Vladimir Kagan is one of our most enduring designers of modern furniture with a career that has spanned over sixty years. He started designing in 1946 and by the early fifties, his innovative sculptured designs created a new look in American furniture. Today, his sparkling creations are on the cutting edge of the 21st century. His designs are spearheading creative designs for hotels, furniture, textiles and home furnishings. The New York Times says: "Vladimir Kagan is one of the most important furniture designers of the 20th century. Furniture designed by him in the forties, fifties and sixties have become icons of Modernity and an obligatory reference to every designer. He is the creative grandfather of a whole new generation of designers."
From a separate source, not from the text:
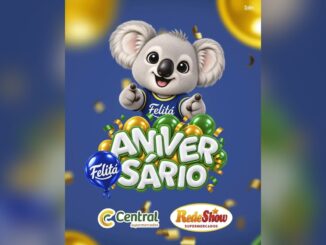 Coala de pelúcia com camisa azul da marca Felitá apontando para frente, acima do lettering "Aniversário" em letras brancas com contorno verde entre balões dourados e verdes, com os logos da Central Supermercados e da Rede Show Supermercados sobre fundo azul.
Born in Worms on the Rhine, Germany in 1927, Vladimir Kagan came to the United States in 1938. His earliest focus was on painting and sculpture but in his formative years he became exceedingly attracted to architecture and design. He studied Architecture at Columbia University and in 1947 joined his father, Illi Kagan, a master cabinetmaker, to work in his woodworking shop and learn furniture making from the ground up.
Early commissions included the Delegate's Cocktail Lounges for the first United Nations Headquarters in Lake Success N.Y. (1947-48). In 1948 he opened his first shop in New York on East 65th Street and moved to fashionable 57th Street in 1950. His clients are luminaries in the world of art, theater, music and industry.
Connoisseurs and museums are avidly collecting his designs today. Kagan's furniture is in private collections worldwide. His prize-winning designs have been published in books and magazines internationally and are in the permanent collections of the V&A London, the Vitra Design Museum and Die Neue Samlung in Germany as well as in the most prominent museums in the United States.